自分がナニに惹かれるかなんて、体験してみなきゃ、わかんない。
 いやまったく。

 『1789-バスティーユの恋人たち-』初日観劇。

 楽しかったし、見どころいっぱい、語りたいこともいっぱいある。
 だがわたしが、もっとも声を大にして語りたいことは。

 コマが、めちゃくちゃカッコイーー!!

 ちょっと、ノーマークでしたわよ、油断しまくりですわよ。
 なんなのあれ、コマさんがあんだけカッコイイとかナニそれ、聞いてないよ、どういうことよ、うきゃ~~。

 こちとら無教養ですから、原作ミュージカル知らないし、歴史も『ベルばら』以上には知りません。予習もしないから、コマつんがどんな役なのかもわかってない。
 最初の革命チームの顔見せらしき場面にいないから、もうすっかり存在を忘れてた。
 突然あたりまえみたいな顔して出て来て、ああコマつんいたんだ、と思い出し、あー、いつものコマつんねえ、男役はいいわねえ、前回は女役だったものねえ、と気楽に思いつつ眺めていただけだったんだけど。

 ダントン@コマ、かっこいい……っ。

 ダントンは出オチキャラっていうか、登場した最初の場面しか目立つところがない。あとは仲間の中にいるだけ。
 ……なんだけど、この仲間の中にいるだけ、が、かっこよすぎて息詰まる。

 台詞とか演出とか、ついてないからこその、かっこよさ。

 怒り、焦燥、決意、不安、……全部全部、演技だけでわかるの。
 でもってその台詞も見せ場もない、革命家チームでいちばんの脇キャラが、美しいの。
 コマつんやせた? 昔のほっぺたぱつんぱつん時代も知ってる身としては、シャープな男性らしい頬のラインにどきどきですよ。
 なんか理想的な「美しい青年」を形作ってる。
 その特上の外見で、男らしくて野性味のあるキャラクタで、そのくせ知性がしっかりと見えるのよ。

 そして。
 ああ、そして。

 哀しそうなの。

 台詞もなく踊っているとき、戦っているとき。
 孤独や悲哀が、その瞳に宿っているの。

 強い男なのに。戦士なのに。行動は男性的で力強く垂直に進んでいるのに……なのに、どこか哀しそうなの。
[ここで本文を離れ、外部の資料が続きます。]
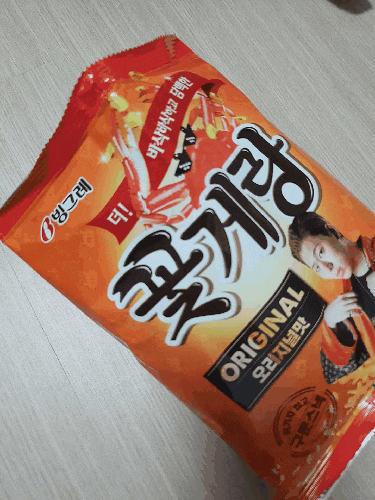  과자추천 꽃게랑 오리지널 후기!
 そのかなしさは弱さではなく……もっと、暗いもの、よくないものに思える。
 狂気や、歪みといったもの。

 どこか、タガがはずれる恐怖。
 ひとつ掛け間違ったら、破滅に向かって、内側に向かってはじけそうな、そんな、言葉にならないあやうさ。

 強いガサツな男なのに、一抹のはかなさを持っている。

 それが……そっれっがっ、もおっ、好み過ぎて!!

 コマつんだ。
 うわああ、コマつんだ。
 わたしの好きなコマつんだーー!!

 『雪景色』のときの、狂気。
 死んでも、生き残っても、彼にあるのは狂気でしかない……そう背筋が寒くなった、あの美しさ。
 諦観でもない楽観でもない、不思議な乾きと暗さ、クリッツィ@『はじめて愛した』の魅力。
 シヴァーブリン@『黒い瞳』の荒んだ瞳。
 ちょー萌えキャラ、カーベットさん@『ルパン』の色気っ!!

 わたしの大好きなコマつん、大好物のコマつんが、史上最大のビジュアルと共に眼前に……!
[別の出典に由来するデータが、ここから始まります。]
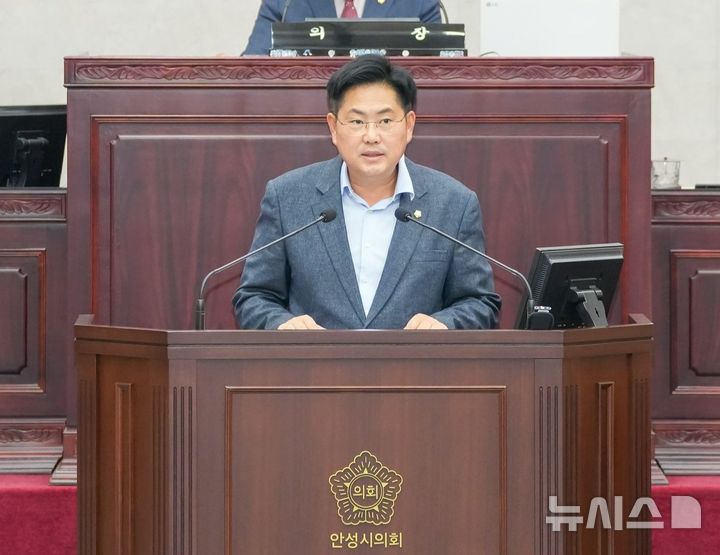 [안성=뉴시스] 안성시의회 최호섭 시의원 (사진=안성시의회 제공) 2025.09.10.photo@newsis.com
 これはもう、猫にかつおぶし状態っすよ。ごちそうさまです、コマつんしか見えません。

 や、初見だからできるだけ全体観ようとがんばったんだけどね。
 どうしてもコマつんに引き寄せられてしまう……見逃すのがもったいない、惜しい。

 ちょっとほんと、楽しいな、『1789』。
 ダントン@コマのドラマをオペラで追いかけるだけでも、何回リピートしても楽しめそう。
 で、ダントンは単独キャラじゃない。友人がいて、仲間がいて、恋人もいる。
 友人たち、仲間たち、そして恋人と、リピートするたびドラマの輪は広がり、ダントンを中心に各キャラを追いかけるのも、彼らとの関係性を読み解いたり妄想したりするのも、楽しくて仕方ないはず。

 わたしはコマつんが好みだからコマつんに着地したけど、他のキャラもきっと、同じように楽しいはず。自分のご贔屓が、それぞれの立ち位置で、この世界に生きているなら、そのキャラを観てどきどきできると思うの。
 贔屓ってことは芝居の好みが合っているってことだろうし、この作品とこのキャラ配置で好みの芝居をしてくれたら、絶対観るのが楽しい。

 あー、予想外だったわ。
 そりゃもともとコマくん好きだけど、ここでこんなにど真ん中来るとは思ってなかった。
 体験してみなきゃわかんないねえ。
 幕が上がる前は、自分のオペラグラスがコマつん追いかけて終わるなんて、まったく思ってなかったよ。

 あああ、ダントンかっこいー……。